KD i Griffin odprawili z kwitkiem 76ers, błysnął Immanuel Quickley, 31 punktów LeVerta
HoHoHo. Witajcie. W dzisiejszych czterech spotkaniach NBA, aż trzykrotnie zwyciężali gospodarze. Tylko Nowojorscy Knicks uporali się na wyjeździe ze zmotywowaną kadrą Houston Rockets.
Brooklyn lepszy od Sixers
Przeorana kadra Nets nie była typowana faworytem tego spotkania. Koszykarze z Brooklynu zdołali jednak wybronić się z odbudowującym się zespołem z Filadelfii, którego gracze wisieli w protokołach BHP. Nie inaczej jest w BK. Aż siedmiu zawodników nie gra z tego powodu.

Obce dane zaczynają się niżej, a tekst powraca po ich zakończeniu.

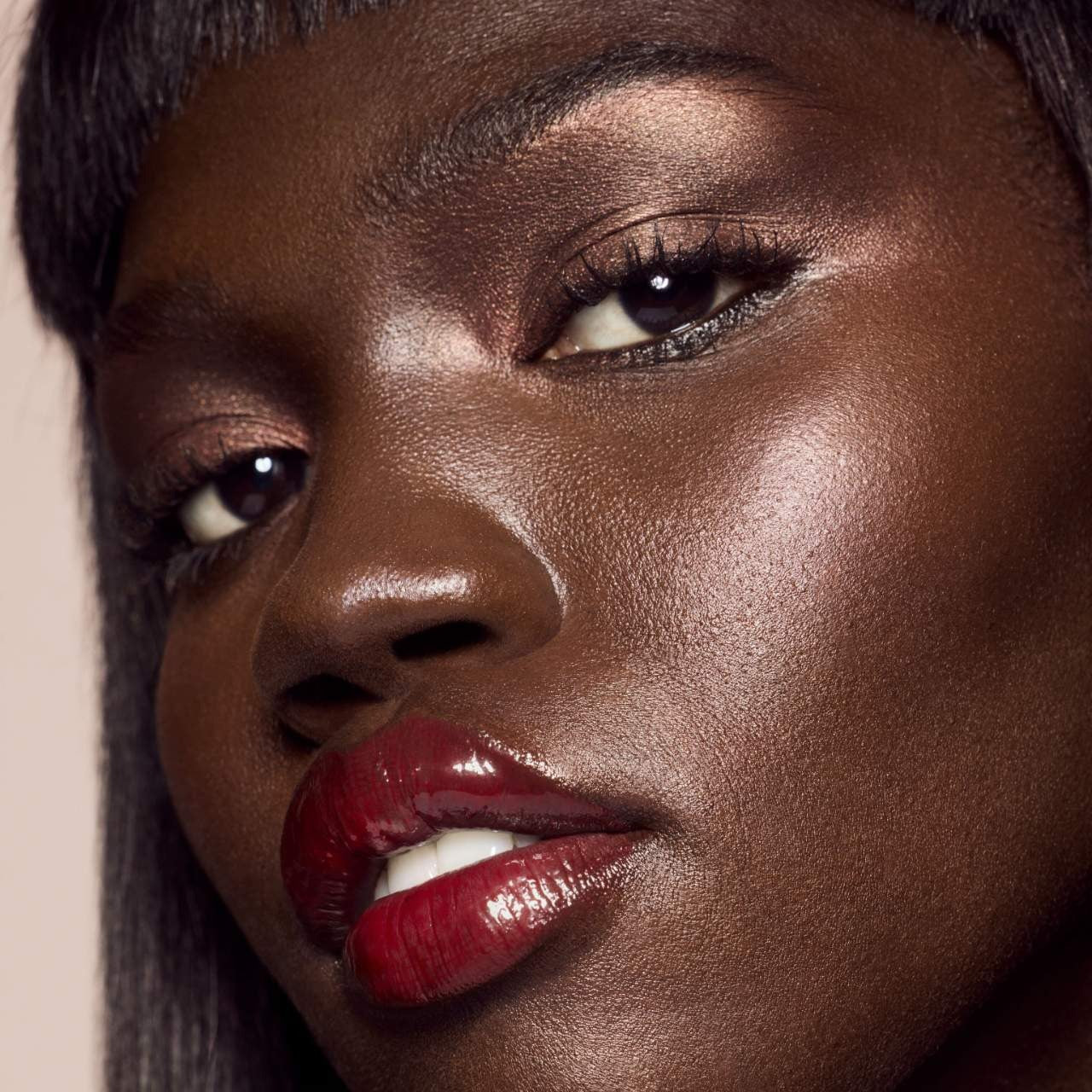 Fenty Beauty by Rihanna Gloss Bomb Cream Color Drip Lip Cream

Lider Sieci zagrał bardzo dobrze. Kevin Durant spędził na boisku 39 minut. W tym czasie uzyskał 34 punkty (13/24, 2/3 3P, 6/6 FT), 11 zbiórek, 8 asyst oraz blok.
Robię to co do mnie należy – powiedział KD, który został zapytany o ilość czasu gry. Chcę grać, chcę wygrywać.
Kroki? Andre, nie kłam..
Po 17 punktów w zespole gospodarzy zdobyli: Nicolas Claxton oraz Blake Griffin. W spotkaniu wziął udział także nowo podpisany zawodnik – Langston Galloway. LG pograł 9 minut (3 pkt, zb).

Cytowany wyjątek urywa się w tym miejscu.